Si sta convertendo dunque in pratica ordinaria in Nicaragua lo sbarazzarsi dalle proprie galere dell’ingombro di qualsiasi tipo di oppositore (o pseudo tale) politico, civico e ora pure di fede religiosa. Sapendo comunque che i più resteranno in silenzio nel timore che i loro familiari finiscano dentro; oltre che privati dei loro beni.

 

Al contempo in questo modo l’autocrazia nica può contare su una sorta di benevolenza di Washington che si limita a seppur severe sanzioni ad personam nei confronti degli orteguisti; senza per questo espellerla dal prezioso CAFTA, il trattato di libero commercio fra Usa e i paesi dell’istmo centroamericano. A differenza dell’ultrasessantennale feroce embargo che sta riducendo Cuba alla fame (per di più inclusa nella lista dei paesi terroristi). Mentre il Nicaragua ospita da tempo “senza colpo ferire” la base radar e di spionaggio russa del Cerro Murukuku.

 

La gran parte degli ultimi liberati/esiliati è giovanissima. Fra loro i due muralisti che nel novembre scorso festeggiarono l’incoronazione della connazionale Sheynnis Palacios a Miss Universo (che da allora non ha più potuto fare ritorno a casa) dipingendone il volto per le vie della cittadina di Estelí.
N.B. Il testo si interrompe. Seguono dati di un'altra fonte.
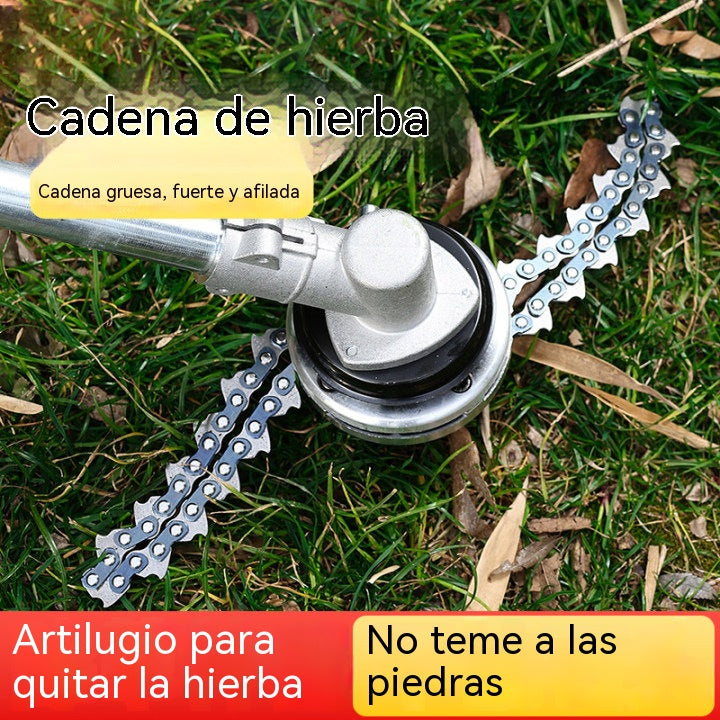 Cabezal de desbrozadora de eslabones de cadena M10 de alta dureza, engrosado y resistente a los impactos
Nessuno degli indigeni miskitos della Costa Atlantica, recentemente imprigionati, è stato invece rilasciato. Anzi, di alcuni/e di loro non si sa neppure dove siano finiti.

 

Come se non bastasse il regime ha messo al bando altre 1.500 ong (compresa Save the Children) che si aggiungono alle oltre 3.500 chiuse e spogliate dei propri beni dal 2018. Dove per ong non si intendono solo le organizzazioni non governative senza fini di lucro legate alla cooperazione internazionale (gli ormai tanto famigerati  “agenti stranieri” di putiniana memoria). Ma della società civile e dell’associazionismo sul territorio: sindacale, imprenditoriale, culturale, sportivo, del volontariato... Con l’obbligo per quelle superstiti di “collaborare con lo stato”. Il che ha provocato ulteriore “profonda preoccupazione” presso l’Alto Commissariato per i Diritti Umani dell’ONU.

 

È stato poi modificato il codice penale per permettere d’ora in avanti di perseguire i nicaraguensi e gli stranieri che violino le leggi locali anche fuori dal territorio nazionale. Mentre la polizia potrà effettuare qualsiasi intervento repressivo anche senza un mandato giudiziario.

 

Da ultimo la (a tutti gli effetti) prima ministro Murillo, per nulla amata, è arrivata ad esautorare lo storico capo della scorta del marito (di fatto ormai inesistente) quale ennesima purga dei funzionari pubblici di cui non si fida. Oltre ad aver deposto il responsabile dell’intelligence dell’esercito; e sottoposto agli arresti domiciliari nientemeno che il proprio cognato, generale Humberto Ortega, ex ministro della difesa durante la rivoluzione sandinista. Che si era avventurato a paventare “un’implosione” della tirannia per la “impraticabile successione dinastica” del figlio Laureano.

 

Del resto il Nicaragua è ormai equiparabile a una Corea del Nord in stile latinoamericano; con la differenza che laggiù si viene a sapere tutto. E dove soprattutto è ancora permessa (anzi favorita) l’emigrazione. Per un motivo preciso: le rimesse familiari (ammontate lo scorso anno a quasi 5 miliardi dollari) degli oltre 800mila nicas espatriati, che salvano il bilancio delle famiglie e dell’intera economia nicaraguense. Con il clan degli Ortega che continua ad arricchirsi servendo i cartelli dei narcos inviando containers di cocaina dal porto di Corinto (vedi gli ultimi intercettati in Russia e in Italia); col traffico di migranti che giungono a Managua a caro prezzo su voli charter da Cuba, Haiti, Marocco, Libia e persino dall’Afghanistan (via Kazakistan) con destinazione finale (per terra) gli Usa; oltre al business delle miniere d’oro; e la requisizione dei conti correnti e delle proprietà dei dissidenti che hanno lasciato il paese. Mentre risulta poco significativa la ricaduta economica della presenza commerciale e dell’appoggio di Russia, Cina e Iran, in cambio di un voto nelle assise internazionali.